So assume preformatted plain text (ie respect all line breaks)? That's fine, we just need to be clear about it. One of the goals here is for arvados-cwl-runner to be able to surface errors which came from a failing step instead of making the user sift through logs. However right now that means returning the last 40 lines of the step's stdout/stderr (because we don't know exactly where the error message is.)

#17 Updated by Peter Amstutz about 1 year ago

Maybe think about what how we want errors to be presented on workbench, and then work back from there? Separate "error" (one line summary) and "error_details" (longer, formatted) would make sense.

#18 Updated by Tom Clegg about 1 year ago

  • Description updated (diff)

#19 Updated by Tom Clegg about 1 year ago

  • Description updated (diff)

#20 Updated by Lucas Di Pentima about 1 year ago

  • Status changed from New to In Progress

#21 Updated by Lucas Di Pentima about 1 year ago

  • Target version changed from 2018-08-01 Sprint to 2018-08-15 Sprint

#22 Updated by Lucas Di Pentima about 1 year ago

  • Target version changed from 2018-08-15 Sprint to 2018-09-05 Sprint

#23 Updated by Lucas Di Pentima 12 months ago

  • Target version changed from 2018-09-05 Sprint to 2018-09-19 Sprint

#24 Updated by Lucas Di Pentima 12 months ago

Updates at 4a466ccc5 - branch 13773-will-fail-container-status
Test run: https://ci.curoverse.com/job/developer-run-tests/876/

  • Add runtime_status Hash attribute to containers on the API Server
  • Avoid container reuse when there's an error key on runtime_status
  • Add documentation about error, errorDetails, warning & activity keys
  • On a-c-r, update runtime_status on runner containers when a child fails, including the child's name & uuid on the error key and the last 40 log lines on errorDetails.
    • Add/update (and N more) string on the error key when more than 1 child fails.
  • On workbench, show "Failing" and "Warning" labels on running containers with relevant runtime_status information. On the dashboard also show a tooltip with error/warning messages and on the detailed view show a panel, including errorDetails in the error case.
  • Add tests on API Server & arvados-cwl-runner. Workbench tests pending.
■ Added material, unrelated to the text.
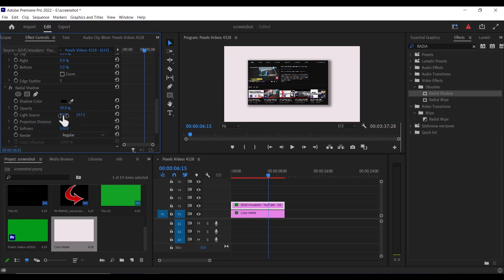So basically you can set this to the values of your image. So I've set my projection distance to 4, you can set yours to 40, I've set my softness to 100, you can set yours to 50, my opacity to 50, and you set your light source to fit the image you're working with.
#25 Updated by Peter Amstutz 12 months ago

If only certain errors get recorded, people are going to be confused and we'll be fielding support requests from users who don't know when to look in the logs tab. For example, the current implementation wouldn't show CWL syntax errors in runtime_status.

In arvados-cwl-runner, how hard would it be to intercept logging.exception(), logging.error(), and logging.warning() and have that call runtime_status_error()? I think this is mostly a matter of configuring the root logger with a custom output handler.

#26 Updated by Peter Amstutz 12 months ago

In workbench:

        <div id="errorDetail" class="collapse">
          <pre><%= wu.runtime_status[:errorDetail] %></pre>
        </div>

Does this sanitize :errorDetail (and other places where the :error message is rendered)?

Minor documentation nitpicking:

"error": "This container won't be successful because at least one step have already failed."

Should be "has already failed."

h2(#runtime_status). {% include 'container_runtime_status' %}

This doesn't need to be included from a separate file, the reason the other sections are that way is because they are included in both containers and container_requests, but this one is container specific.

#27 Updated by Peter Amstutz 12 months ago

Workbench presentation:

  • I suggest using a similar layout to the workflow steps. This would be a panel where the title of the panel is the error message followed by a little down-pointing triangle. The body of the panel will be initially hidden, and clicking anywhere on the error message opens the panel body to display the full error.
  • If there is a warning, it should always be displayed (not if/else with error).
  • The value of "activity" isn't displayed on Workbench at all.
A couple additional points:
  • The API server should validate that error, errorDetails, warning and activity are strings in runtime_status, if present.
  • Should we add "warningDetails"?

Nitpicking aside, this looks really good, I tried it out with a test case (a workflow with one failing and one passing step) and it worked exactly as expected.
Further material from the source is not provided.